DATA SUPPLIED Block Start
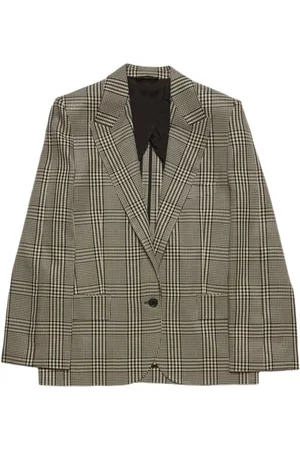 Acne Studios Jassen, Dames, Groen, M, Wol, Bruin Multi Suit Blazer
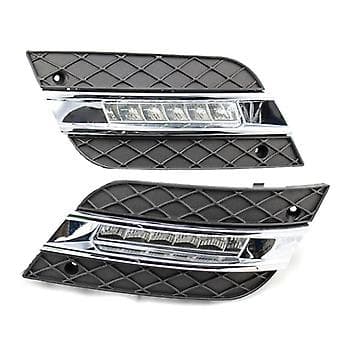 Front LED Tåkelys DRL Dagkjørelys for ML350 W164 ML300 ML320 2010-2011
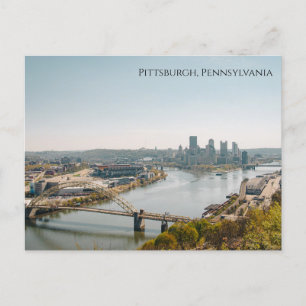 Postal Vista aérea de Pittsburgh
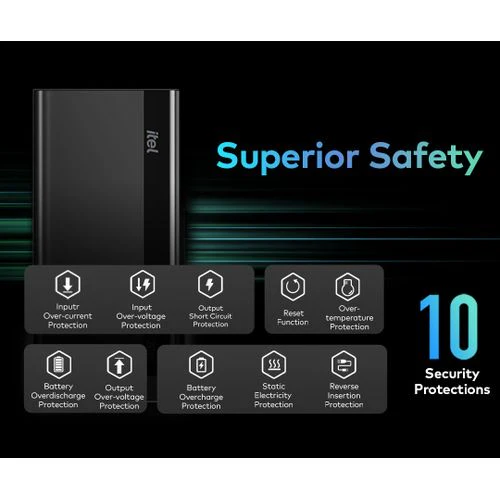 T157 Powerlite+ 10000mAh 20W Fast Charger Input&output Type C Mobile Power - Image 5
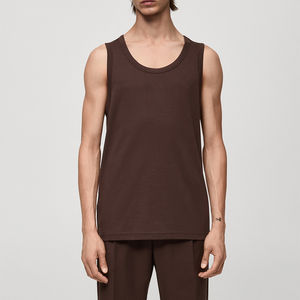 Camiseta de Gimnasio Personalizada para Hombre, Tejida, Talla Grande, 100% Algodón, Producción al por Mayor OEM - Product Image 1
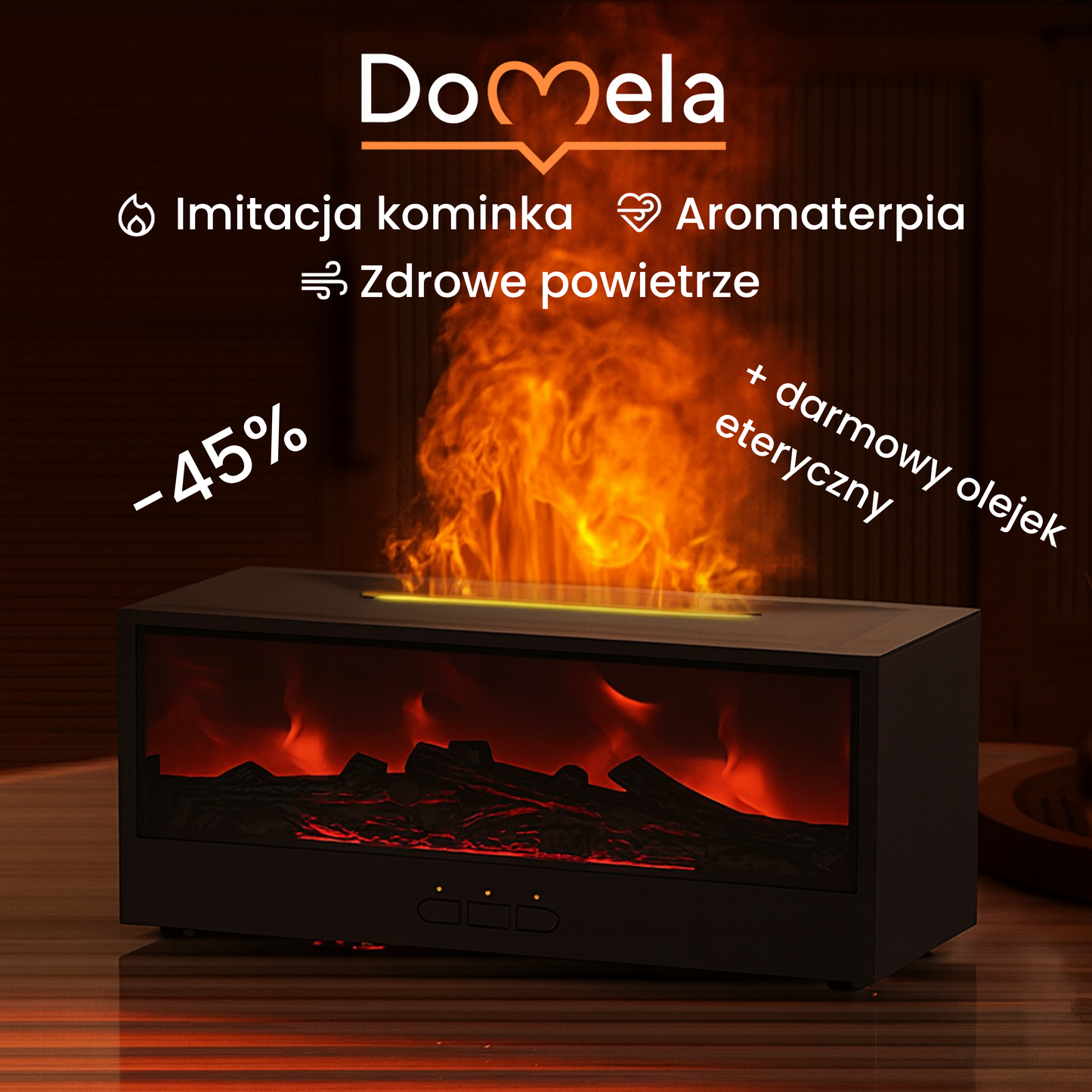 MglistyKominek™ Dyfuzor z imitacją kominek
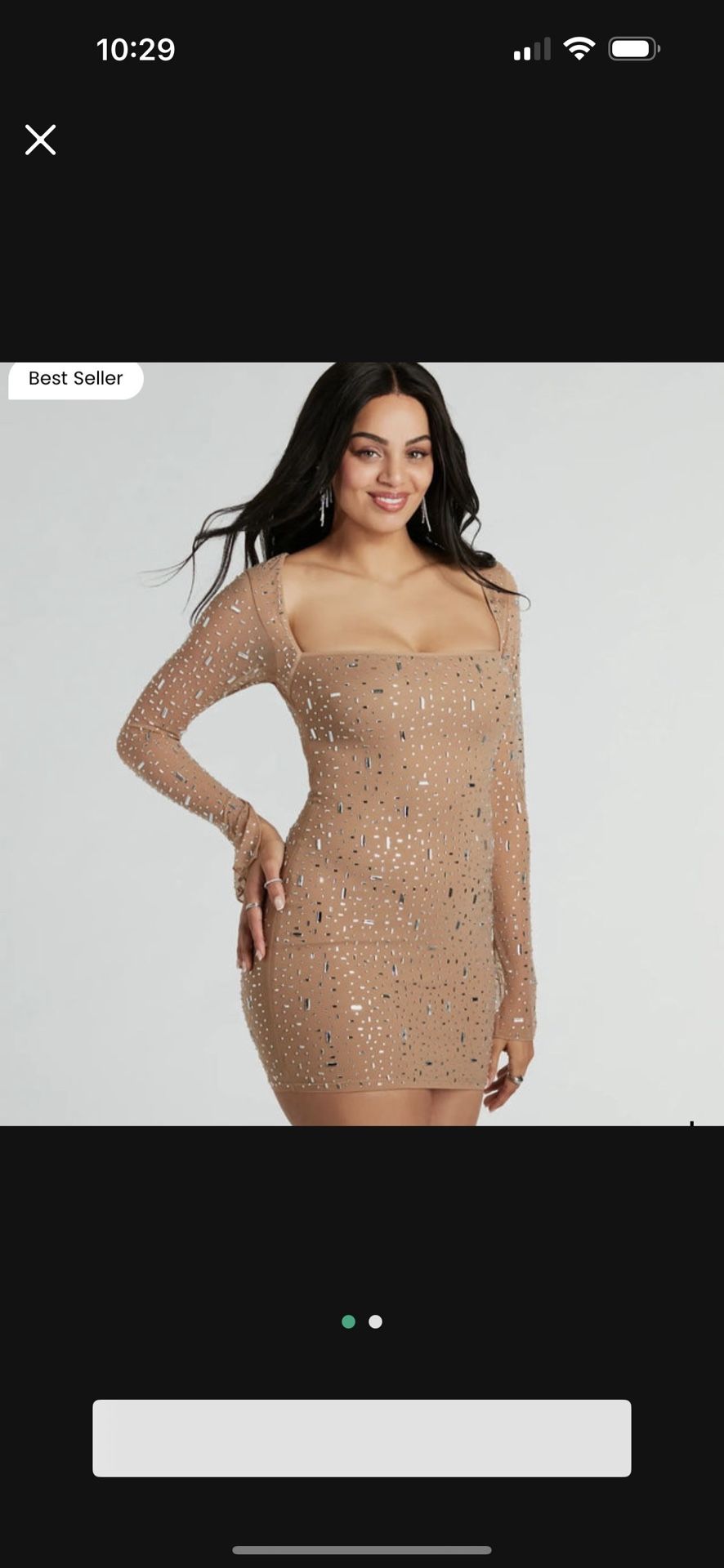 BEAUTIFUL RHINESTONE DRESS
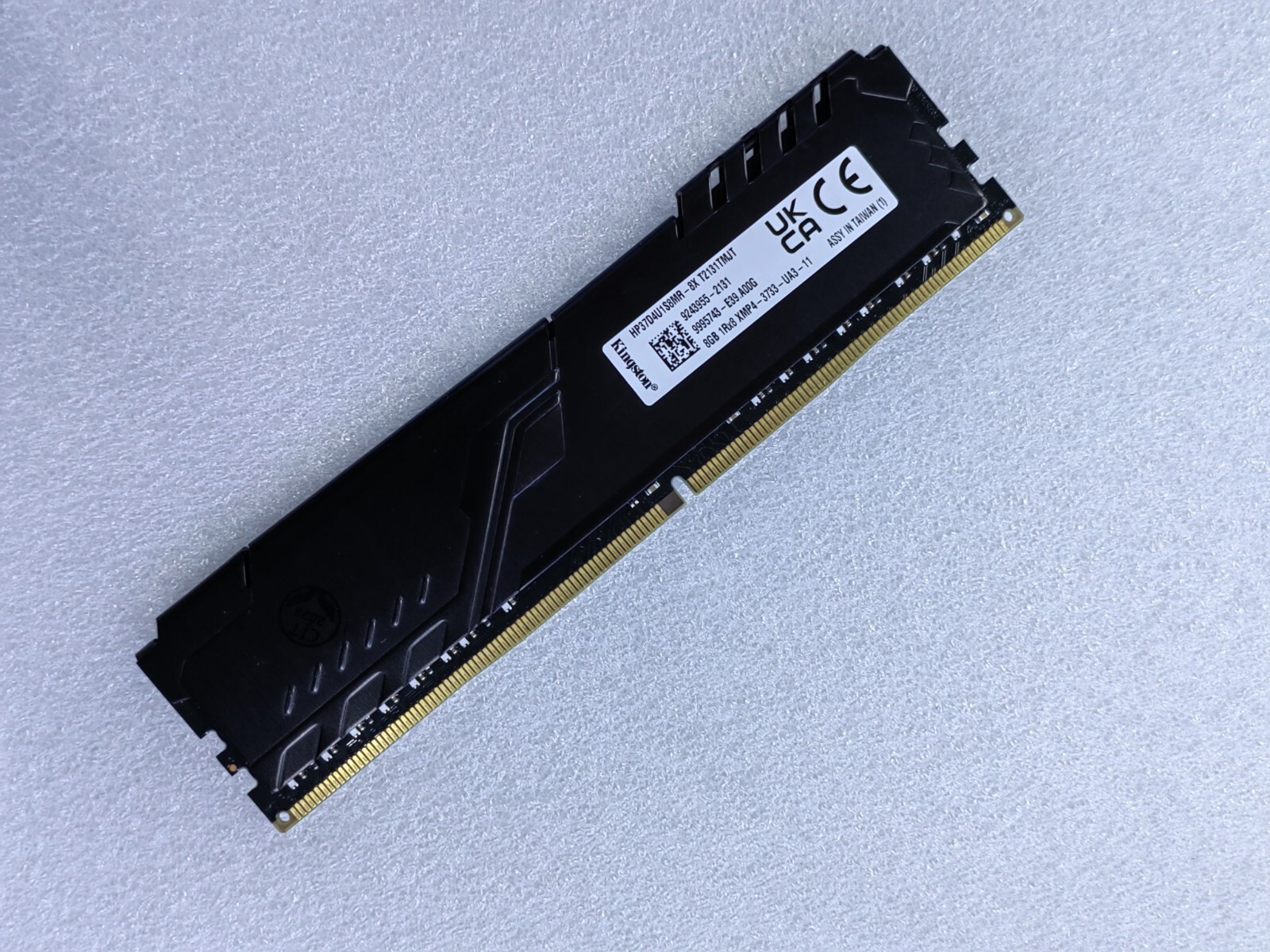 HP Kingston 8GB DDR4 3733 Desktop DIMM RAM 1Rx8 PC4-29800 HP37D4U1S8MR-8X 288pin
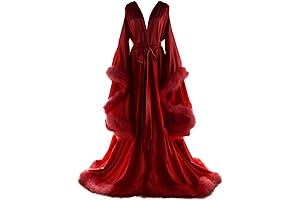 Women's Fur Trimmed Bridal Robes
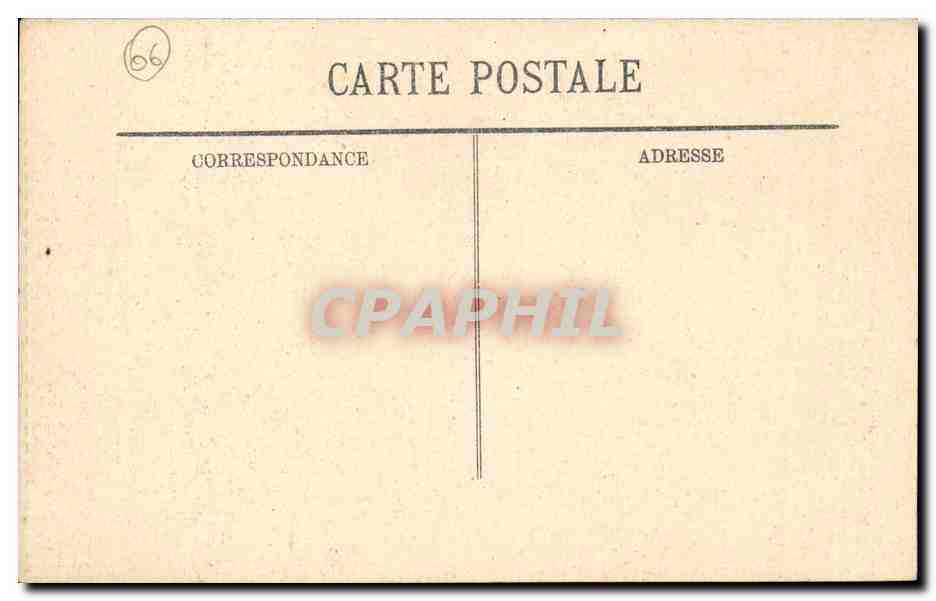 Nice CPA le jardin municipal — Verso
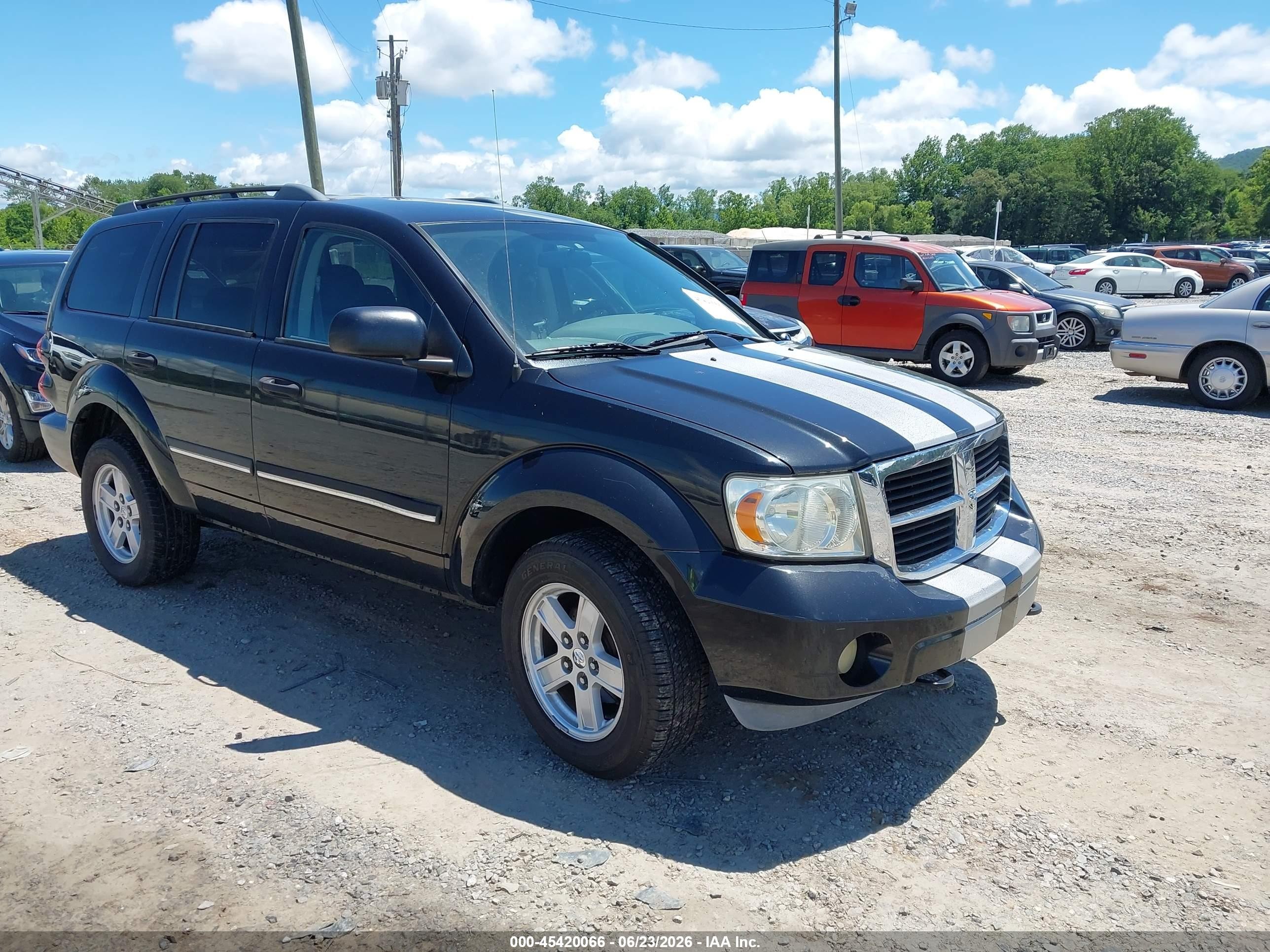 2007 Dodge Durango SLT, VIN 1D8HB48237F551963 — Front end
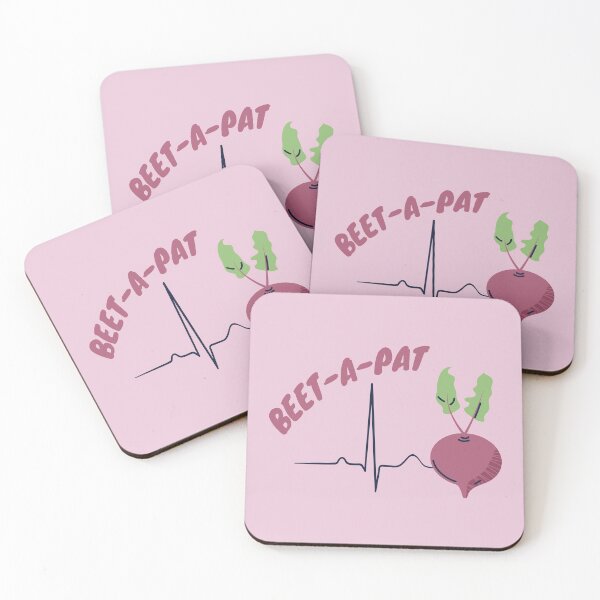 Item preview, Beet-A-Pat Heartbeat Food Pun designed and sold by bybear.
DATA SUPPLIED Block End
[WHAT IS BEING ASKED] Copy the entries above verbatim. Pictures do not belong in the copy.

[TASK SOLUTION]
 Acne Studios Jassen, Dames, Groen, M, Wol, Bruin Multi Suit Blazer
 Front LED Tåkelys DRL Dagkjørelys for ML350 W164 ML300 ML320 2010-2011
 Postal Vista aérea de Pittsburgh
 T157 Powerlite+ 10000mAh 20W Fast Charger Input&output Type C Mobile Power - Image 5
 Camiseta de Gimnasio Personalizada para Hombre, Tejida, Talla Grande, 100% Algodón, Producción al por Mayor OEM - Product Image 1
 MglistyKominek™ Dyfuzor z imitacją kominek
 BEAUTIFUL RHINESTONE DRESS
 HP Kingston 8GB DDR4 3733 Desktop DIMM RAM 1Rx8 PC4-29800 HP37D4U1S8MR-8X 288pin
 Women's Fur Trimmed Bridal Robes
 Nice CPA le jardin municipal — Verso
 2007 Dodge Durango SLT, VIN 1D8HB48237F551963 — Front end
 Item preview, Beet-A-Pat Heartbeat Food Pun designed and sold by bybear.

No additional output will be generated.